But most of my non-audiophile friends see my stereo as a bit of an indulgence, and don't really get it. They are intrigued to start, but rarely hear what I hear. In my experience it takes a certain sort of person who can sit in front of two speakers, close their eyes and allow themselves to be transported. Most are quickly bored, fidget for a while, and eventually need to start a conservation. So I've stopped offering to turn on my gear for most of my family and friends, and for casual acquaintances - only if they ask. Each to his or her own.
I've done this quite a lot over the years. Its almost always much more enjoyable, with by far the better reactions, doing it for regular people than anyone even aware of the word audiophile.

Not that there haven't been some notable exceptions. One time at a party this one guy wanted a listen. Turns out he had put a fair bit of time and money into one of his own. I did what I always do and asked what kind of music he likes. Which of course I almost never have what they say, but find something similar. When the song ends I look at the guy and his reaction is, "Please play another one." The guy was beside himself with pleasure. 

Just one of many great reactions over the years. Before the projector there was a TV between the speakers, kept covered with a thick blanket to dampen reflections. One friend from work kept asking how many speakers? Over and over again I told him, "Just the two." But he kept looking around at where the "extra" speakers "had to be". Finally he gets up, walks up and looks under the blanket. "What are you doing?" I ask. "I was sure there was a speaker under there!"

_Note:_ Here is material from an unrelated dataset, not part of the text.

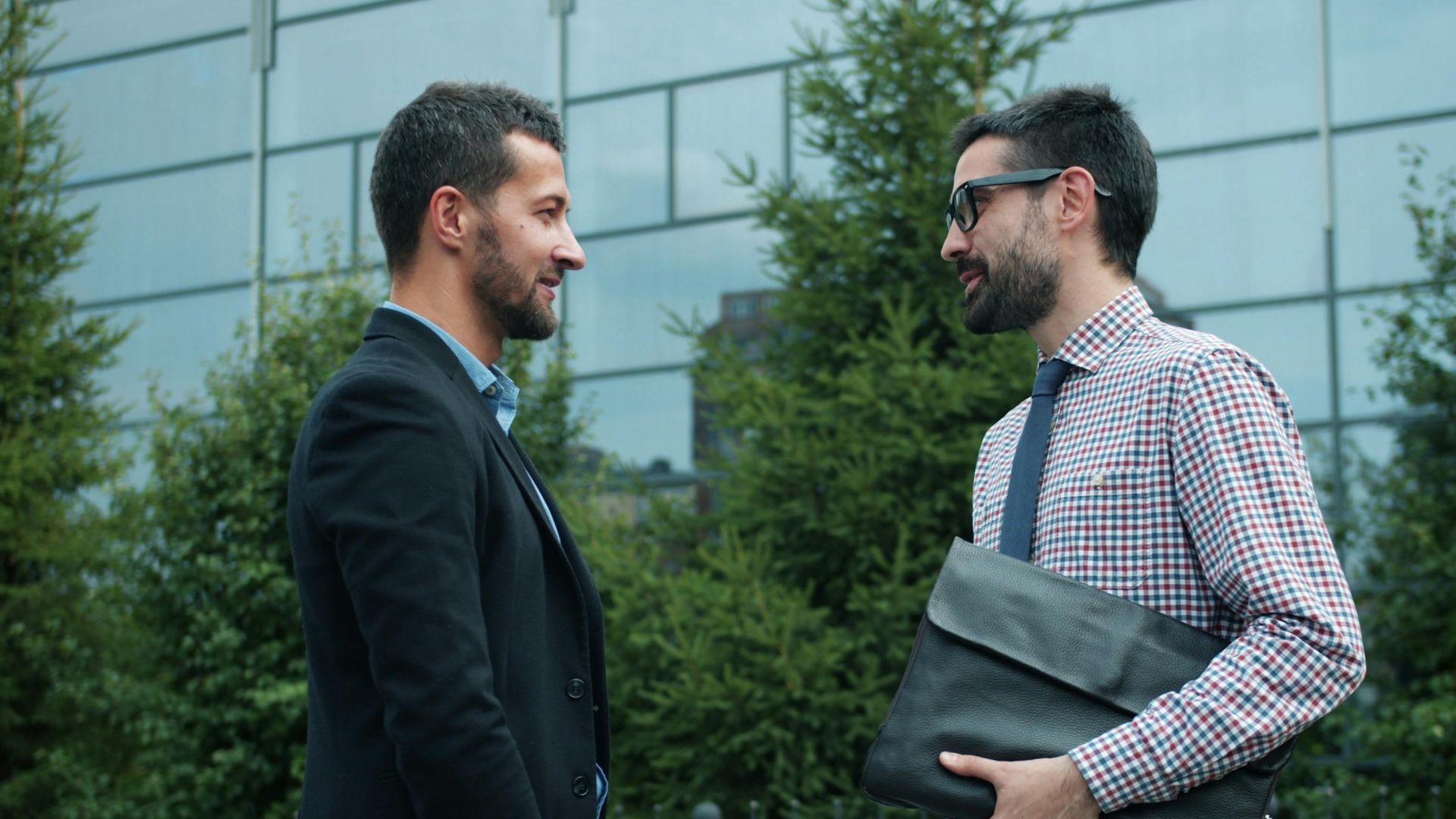 Two businessmen engage in conversation outdoors, standing beside a modern building.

One of my favorites was the wife of this hard core audiophile. This guy had made it his mission to buy all the best most Class A gear he could find, used of course to "save money". Just to judge by the names you would have to think nothing could be better. I brought a CD one time, popped it in, jumped out of my chair. Had to check. Had to. He must have switched and put another CD in there. No, it was mine. Damn. Would never in my life have imagined anything could sound so bad.

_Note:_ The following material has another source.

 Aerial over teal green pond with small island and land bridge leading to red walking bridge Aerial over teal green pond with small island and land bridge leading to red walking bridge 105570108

So one night we're playing tunes and after a while his wife comes up to me and with the most beautiful look of incredulity says, "I could listen to his all night!"

One of the more common things that happens is people want to know why, how, is it possible??? Of course I am honest and tell them we don't know. All we can do is try and compare and select what works. Which is true. Or sometimes I tell them well there's big differences in recording quality and the ones you're hearing are way better than average. Which is also true. Which is what I was telling this one work buddy when after some Terry Evans he says you know I think that last one was even more clear and detailed than the others. So we pulled the jacket and looked and sure enough, that was the one track on the side that had been recorded direct to two-track.

Another work buddy thought I was nuts telling him flipping off breakers improves the sound. I said bring your wife over I'll prove it- only she has to bring a CD of her favorite music. Garth Brooks or something like that. So I ask her is there one track you won't mind hearing twice? She has no idea why. I go flip the breakers, come back in, still no clue, play it again.

Soon as it's over, "What did you do?!?!? It sounds so much better!!!" I look at Ron. "I didn't tell her! And I can't believe it but you're right its a lot better!"

I put on a movie one time and the first thing the guy heard was the MGM lion roar. It startled him!

I'm telling ya folks, I got a million of em!


@millercarbon Good stuff. I had a girl over once many years ago. I'd just bought a new AAA record Talk Talk Color of Spring which sounded so good through my massive homemade speakers with 12" Mckenzie's, she stayed the night.